▶ _Work instructions_:
Of all the entries below, retype only the lines from the one with "20B Broughton Avenue, Kurralta Park SA 5037" through the one with "2 ������� 2019 � ������ ������ ��������", exactly as they appear.

##### Entries supplied #####

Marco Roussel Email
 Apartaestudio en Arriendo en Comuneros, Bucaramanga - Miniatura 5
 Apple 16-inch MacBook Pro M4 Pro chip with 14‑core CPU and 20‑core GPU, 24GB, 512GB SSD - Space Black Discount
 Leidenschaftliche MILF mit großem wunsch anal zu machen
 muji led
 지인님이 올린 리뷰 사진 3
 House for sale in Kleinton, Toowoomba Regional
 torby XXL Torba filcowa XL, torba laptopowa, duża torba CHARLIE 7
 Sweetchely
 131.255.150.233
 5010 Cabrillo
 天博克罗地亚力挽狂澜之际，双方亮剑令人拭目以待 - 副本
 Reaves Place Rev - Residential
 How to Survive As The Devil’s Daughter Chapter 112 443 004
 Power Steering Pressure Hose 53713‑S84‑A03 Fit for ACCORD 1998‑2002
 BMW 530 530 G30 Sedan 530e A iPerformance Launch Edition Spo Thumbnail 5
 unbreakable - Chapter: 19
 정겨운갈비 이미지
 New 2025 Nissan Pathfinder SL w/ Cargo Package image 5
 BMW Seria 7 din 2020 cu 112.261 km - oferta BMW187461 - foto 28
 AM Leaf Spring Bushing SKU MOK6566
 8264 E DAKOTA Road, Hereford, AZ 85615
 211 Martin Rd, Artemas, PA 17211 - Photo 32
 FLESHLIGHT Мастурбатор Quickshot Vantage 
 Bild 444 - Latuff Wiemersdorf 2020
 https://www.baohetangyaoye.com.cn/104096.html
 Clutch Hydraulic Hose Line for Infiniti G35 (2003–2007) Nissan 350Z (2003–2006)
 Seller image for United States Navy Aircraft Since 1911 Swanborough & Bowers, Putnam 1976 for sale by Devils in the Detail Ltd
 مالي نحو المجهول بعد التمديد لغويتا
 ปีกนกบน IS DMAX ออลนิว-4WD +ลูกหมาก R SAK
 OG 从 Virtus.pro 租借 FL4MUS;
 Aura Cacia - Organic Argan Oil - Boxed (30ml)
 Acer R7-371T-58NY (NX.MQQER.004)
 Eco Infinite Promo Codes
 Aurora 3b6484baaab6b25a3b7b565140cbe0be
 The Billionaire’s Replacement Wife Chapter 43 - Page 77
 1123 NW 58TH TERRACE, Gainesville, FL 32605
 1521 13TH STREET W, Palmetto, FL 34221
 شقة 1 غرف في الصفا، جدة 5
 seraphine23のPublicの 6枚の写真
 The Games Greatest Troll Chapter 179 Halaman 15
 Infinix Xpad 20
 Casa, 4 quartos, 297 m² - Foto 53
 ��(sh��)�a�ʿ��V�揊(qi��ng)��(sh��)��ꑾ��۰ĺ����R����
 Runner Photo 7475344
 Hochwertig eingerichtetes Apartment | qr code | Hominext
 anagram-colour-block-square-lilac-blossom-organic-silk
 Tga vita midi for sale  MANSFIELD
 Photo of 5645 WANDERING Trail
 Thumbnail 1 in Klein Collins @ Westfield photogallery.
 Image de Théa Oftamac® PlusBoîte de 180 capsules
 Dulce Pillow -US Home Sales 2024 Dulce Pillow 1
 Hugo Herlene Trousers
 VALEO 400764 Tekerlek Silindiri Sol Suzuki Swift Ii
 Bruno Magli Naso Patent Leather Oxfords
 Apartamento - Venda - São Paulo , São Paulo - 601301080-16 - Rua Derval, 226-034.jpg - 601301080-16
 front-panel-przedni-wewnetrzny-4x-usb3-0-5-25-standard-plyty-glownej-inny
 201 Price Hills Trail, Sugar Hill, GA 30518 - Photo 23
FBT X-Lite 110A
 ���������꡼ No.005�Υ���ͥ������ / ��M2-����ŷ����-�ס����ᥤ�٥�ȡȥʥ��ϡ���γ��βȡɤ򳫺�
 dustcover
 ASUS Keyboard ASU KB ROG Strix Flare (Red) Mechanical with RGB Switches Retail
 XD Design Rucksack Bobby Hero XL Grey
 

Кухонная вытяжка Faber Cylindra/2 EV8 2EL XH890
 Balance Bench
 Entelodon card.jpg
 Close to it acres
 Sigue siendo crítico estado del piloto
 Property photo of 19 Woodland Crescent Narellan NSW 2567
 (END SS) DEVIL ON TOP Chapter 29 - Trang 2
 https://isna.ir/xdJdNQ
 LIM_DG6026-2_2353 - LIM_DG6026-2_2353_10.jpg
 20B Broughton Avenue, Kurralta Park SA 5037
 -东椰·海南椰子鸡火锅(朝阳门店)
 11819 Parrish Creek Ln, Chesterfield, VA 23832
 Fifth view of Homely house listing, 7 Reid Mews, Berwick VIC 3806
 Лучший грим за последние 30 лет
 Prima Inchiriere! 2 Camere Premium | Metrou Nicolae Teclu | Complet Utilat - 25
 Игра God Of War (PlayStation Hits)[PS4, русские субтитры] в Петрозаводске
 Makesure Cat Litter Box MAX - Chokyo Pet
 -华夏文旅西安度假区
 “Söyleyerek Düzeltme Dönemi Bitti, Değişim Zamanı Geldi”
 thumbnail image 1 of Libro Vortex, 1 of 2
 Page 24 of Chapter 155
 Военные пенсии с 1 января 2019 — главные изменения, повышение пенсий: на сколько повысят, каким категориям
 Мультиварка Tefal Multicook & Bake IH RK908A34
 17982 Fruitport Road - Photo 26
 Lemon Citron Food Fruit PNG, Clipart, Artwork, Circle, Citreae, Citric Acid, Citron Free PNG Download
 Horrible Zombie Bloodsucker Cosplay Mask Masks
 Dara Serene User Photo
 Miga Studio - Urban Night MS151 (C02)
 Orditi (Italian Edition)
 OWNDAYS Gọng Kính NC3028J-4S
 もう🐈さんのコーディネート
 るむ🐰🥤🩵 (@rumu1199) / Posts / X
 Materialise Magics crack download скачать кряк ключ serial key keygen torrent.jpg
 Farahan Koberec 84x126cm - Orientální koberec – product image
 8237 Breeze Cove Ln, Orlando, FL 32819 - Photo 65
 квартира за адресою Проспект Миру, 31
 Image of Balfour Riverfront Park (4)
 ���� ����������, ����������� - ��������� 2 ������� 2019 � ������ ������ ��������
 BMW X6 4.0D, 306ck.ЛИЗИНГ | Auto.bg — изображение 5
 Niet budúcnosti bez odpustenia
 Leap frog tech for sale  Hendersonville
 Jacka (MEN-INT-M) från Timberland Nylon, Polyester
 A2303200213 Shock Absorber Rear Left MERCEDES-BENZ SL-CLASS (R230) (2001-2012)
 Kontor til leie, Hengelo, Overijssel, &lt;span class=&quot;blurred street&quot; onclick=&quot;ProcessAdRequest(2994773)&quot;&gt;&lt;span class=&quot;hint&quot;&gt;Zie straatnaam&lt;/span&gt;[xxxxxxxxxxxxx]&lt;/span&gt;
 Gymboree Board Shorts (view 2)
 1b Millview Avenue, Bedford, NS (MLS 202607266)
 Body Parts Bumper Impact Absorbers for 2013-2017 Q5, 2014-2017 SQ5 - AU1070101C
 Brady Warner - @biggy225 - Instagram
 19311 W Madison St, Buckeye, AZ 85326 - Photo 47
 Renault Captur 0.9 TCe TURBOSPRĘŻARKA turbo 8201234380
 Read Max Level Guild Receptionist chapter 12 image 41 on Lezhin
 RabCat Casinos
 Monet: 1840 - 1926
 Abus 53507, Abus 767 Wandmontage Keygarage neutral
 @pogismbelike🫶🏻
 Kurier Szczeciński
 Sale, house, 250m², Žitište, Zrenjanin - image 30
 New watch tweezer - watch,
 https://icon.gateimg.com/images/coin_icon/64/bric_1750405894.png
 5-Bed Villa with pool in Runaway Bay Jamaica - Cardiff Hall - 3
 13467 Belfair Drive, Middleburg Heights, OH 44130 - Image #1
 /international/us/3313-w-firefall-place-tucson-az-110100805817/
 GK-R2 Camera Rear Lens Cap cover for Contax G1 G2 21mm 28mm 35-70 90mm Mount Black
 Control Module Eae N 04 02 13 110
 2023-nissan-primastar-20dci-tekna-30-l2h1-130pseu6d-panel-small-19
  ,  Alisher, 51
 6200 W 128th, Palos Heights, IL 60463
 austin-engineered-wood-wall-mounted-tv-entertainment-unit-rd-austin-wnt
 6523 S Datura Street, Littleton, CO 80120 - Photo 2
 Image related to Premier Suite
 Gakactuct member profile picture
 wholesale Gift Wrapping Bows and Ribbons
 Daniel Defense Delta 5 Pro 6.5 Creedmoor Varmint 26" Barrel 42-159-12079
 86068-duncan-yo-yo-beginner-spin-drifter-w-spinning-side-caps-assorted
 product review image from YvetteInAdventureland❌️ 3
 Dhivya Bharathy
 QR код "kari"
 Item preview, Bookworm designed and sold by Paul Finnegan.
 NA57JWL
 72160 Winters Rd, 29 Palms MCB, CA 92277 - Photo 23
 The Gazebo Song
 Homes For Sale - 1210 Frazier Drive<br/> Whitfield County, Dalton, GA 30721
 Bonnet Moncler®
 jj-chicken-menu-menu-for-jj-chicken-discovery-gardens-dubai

#####

▶ _Result of the task_:
 20B Broughton Avenue, Kurralta Park SA 5037
 -东椰·海南椰子鸡火锅(朝阳门店)
 11819 Parrish Creek Ln, Chesterfield, VA 23832
 Fifth view of Homely house listing, 7 Reid Mews, Berwick VIC 3806
 Лучший грим за последние 30 лет
 Prima Inchiriere! 2 Camere Premium | Metrou Nicolae Teclu | Complet Utilat - 25
 Игра God Of War (PlayStation Hits)[PS4, русские субтитры] в Петрозаводске
 Makesure Cat Litter Box MAX - Chokyo Pet
 -华夏文旅西安度假区
 “Söyleyerek Düzeltme Dönemi Bitti, Değişim Zamanı Geldi”
 thumbnail image 1 of Libro Vortex, 1 of 2
 Page 24 of Chapter 155
 Военные пенсии с 1 января 2019 — главные изменения, повышение пенсий: на сколько повысят, каким категориям
 Мультиварка Tefal Multicook & Bake IH RK908A34
 17982 Fruitport Road - Photo 26
 Lemon Citron Food Fruit PNG, Clipart, Artwork, Circle, Citreae, Citric Acid, Citron Free PNG Download
 Horrible Zombie Bloodsucker Cosplay Mask Masks
 Dara Serene User Photo
 Miga Studio - Urban Night MS151 (C02)
 Orditi (Italian Edition)
 OWNDAYS Gọng Kính NC3028J-4S
 もう🐈さんのコーディネート
 るむ🐰🥤🩵 (@rumu1199) / Posts / X
 Materialise Magics crack download скачать кряк ключ serial key keygen torrent.jpg
 Farahan Koberec 84x126cm - Orientální koberec – product image
 8237 Breeze Cove Ln, Orlando, FL 32819 - Photo 65
 квартира за адресою Проспект Миру, 31
 Image of Balfour Riverfront Park (4)
 ���� ����������, ����������� - ��������� 2 ������� 2019 � ������ ������ ��������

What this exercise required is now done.